*Provided entries*:
• • • • •
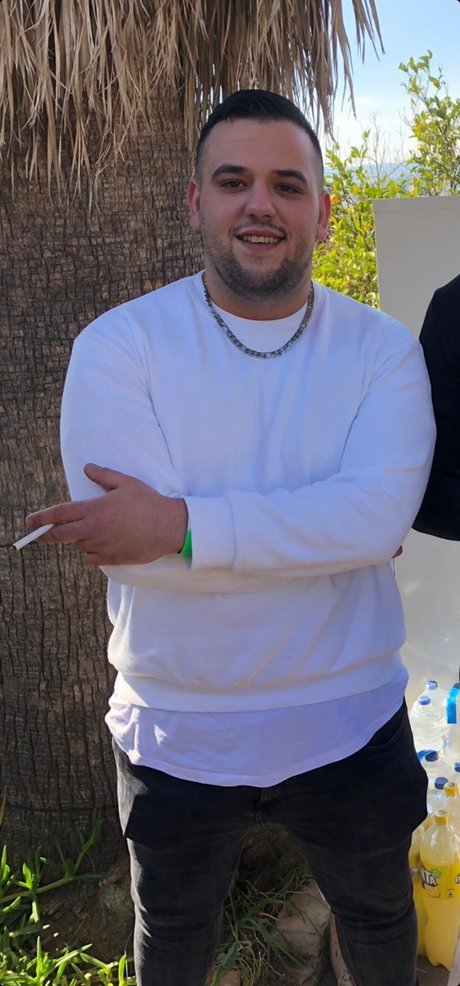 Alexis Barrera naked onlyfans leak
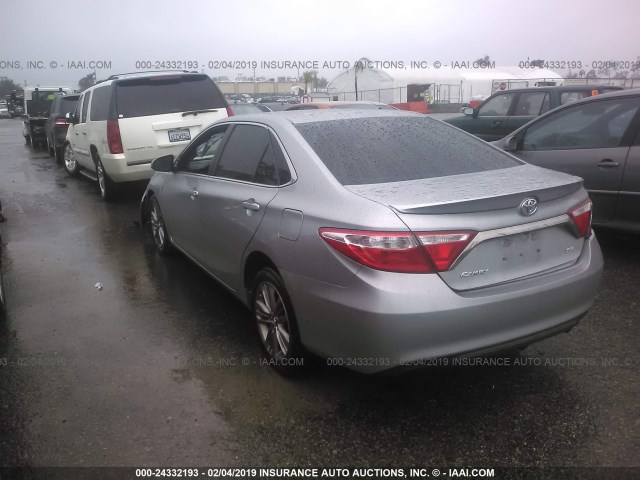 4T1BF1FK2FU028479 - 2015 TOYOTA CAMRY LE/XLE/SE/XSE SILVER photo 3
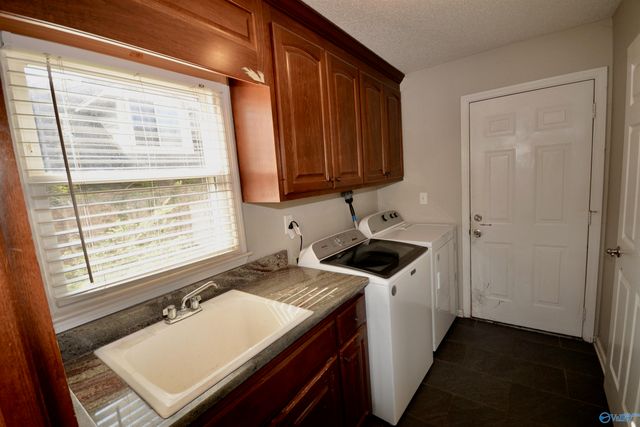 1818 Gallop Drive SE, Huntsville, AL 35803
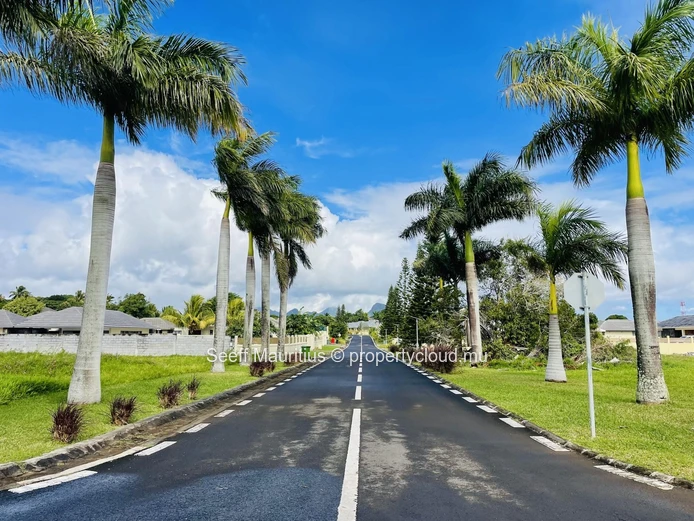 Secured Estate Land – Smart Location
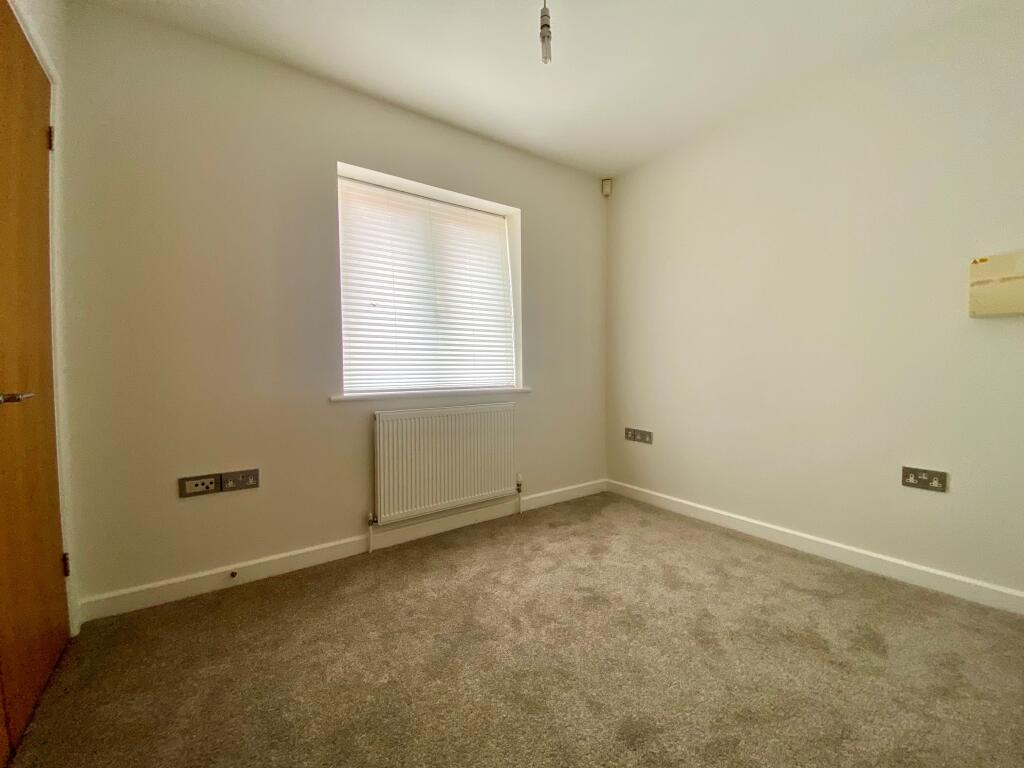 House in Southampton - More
• • • • •
*Work instructions*:
The copy should start at the line that contains "1818 Gallop Drive SE, Huntsville, AL 35803", end at the last line of the entries above, and match each line exactly, with pictures dropped.

*Written answer*:
 1818 Gallop Drive SE, Huntsville, AL 35803
 Secured Estate Land – Smart Location
 House in Southampton - More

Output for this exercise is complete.